I don’t really enjoy talking; that’s just who I am, whether in social settings or one-on-one. I think I’m more of a listener, an observer. Growing up, I was surrounded by women—my mum, my granny, my entire community was filled with women, except for my younger brother.
That gave me a unique perspective, a chance to not just learn about women but to really understand how different we all are. Society tends to put Black women into one box, but in reality, we’re so layered, so complex. Each one of us carries a different kind of strength. Take my grandmother on my dad’s side; she’s calm and quiet, but unbelievably strong in her own way. People don’t often talk about that kind of strength, the kind that doesn’t need to be loud to be powerful. Then there’s my mum; bold, outspoken, the kind of woman you see on TV when they talk about “strong Black women.” But even she has a softer, more vulnerable side that doesn’t always get acknowledged.
I want to tell these stories. I’m still figuring out how to do it in a way that truly captures what I see and feel, but that’s the heart of my work. Right now, I’m celebrating womanhood and being African, and I’m happy with that. But I also know there’s more I want to say, more layers to uncover. I don’t think I’m even halfway there yet, but what I’m creating right now feels right.
Thank you for sharing that. How does it feel to hear people describe your work as empowering, and how has your art empowered you personally?
It makes me feel really proud. It might seem small in the grand scheme of things, but it does feel like I’m contributing to the world in my own way. You have doctors who heal people, activists who fight for change, and all these people doing big, tangible things to impact lives.
And sometimes, especially in the creative space, it’s easy to feel like you’re not doing “real work” that changes the world. But in moments like this, I’m reminded of how important these little pockets of creativity are. Art empowers people. It brings life, joy, and a sense of pride—not just to those who experience it but to the artist as well.
Through my work, I’ve learned to embrace who I am, knowing that who I am is worth celebrating. I put my art out there, and people connect with it, celebrate it, and love it for what it is. More than anything, it’s incredibly special to see other women, especially Black women, see themselves in my work and feel embraced, seen, and celebrated. That’s powerful. Because for so long, we’ve been defined by a single narrative, a single image of strength, but we are so much more than that. Through my art, I want to show that we are complex, vibrant, and beautifully layered. And if my work helps even one person feel truly seen, then that is enough.

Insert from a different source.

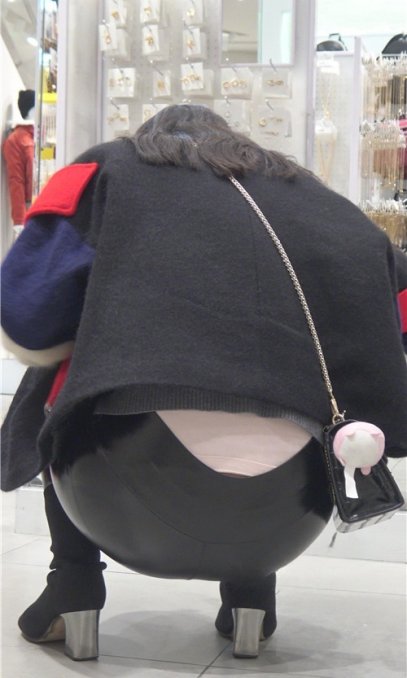 商场里的黑皮裤美女[5.34G/MP4]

Art has a unique power in storytelling. You once described it as your 'saving grace.' Could you elaborate on what that means and how art has personally impacted your life?
The world, as a whole, gives me so much anxiety because it’s so uncertain; I never know what tomorrow will look like. But my art is my safe place, my little sanctuary. It’s the one space where I have control over how my world looks, how I imagine it, and how I bring it to life.
Everything in it is shaped by me, and the people who step into it, whether by viewing, embracing, or sharing it, are part of that experience. At the same time, art has given me a kind of freedom I didn’t always have. The freedom to speak, to belong, to exist in a space that feels entirely my own. In many ways, it has even provided financial freedom, proving that I can carve out a place for myself in the world through my work.
There are no rules, just endless possibilities. It came at a time when I really needed to feel like what I had to say mattered, that I mattered. And through my art, I found that space. I found that voice.

That’s wonderful. On the topic of people embracing your work, you’ve collaborated with brands like Converse and Birkenstock. How significant is collaboration for you in your creative journey?
It’s extremely important. As an artist, I had to define the kind of artist I want to be. I have friends whose work is in galleries, and I completely understand the power of that. My art could be in galleries, but I don’t think it would communicate what it’s meant to be in that space.
I want my art to be on everything. I want it to be accessible, to exist in everyday life, to reach the people whose stories it tells. My art is meant to speak to the community that raised me, so if it isn’t accessible to them, then it’s not truly fulfilling its purpose.
That’s why collaborations excite me. Seeing my work on brands I grew up with, on things my mum and the people around me wear and use every day, it makes the connection real. I love the idea of my art being a constant reminder to people, whether on sneakers, home decor, or even something as simple as tea or toothpaste. I want it to remind people of their power, of their beauty, of womanhood, of our stories. That’s my goal, beyond myself.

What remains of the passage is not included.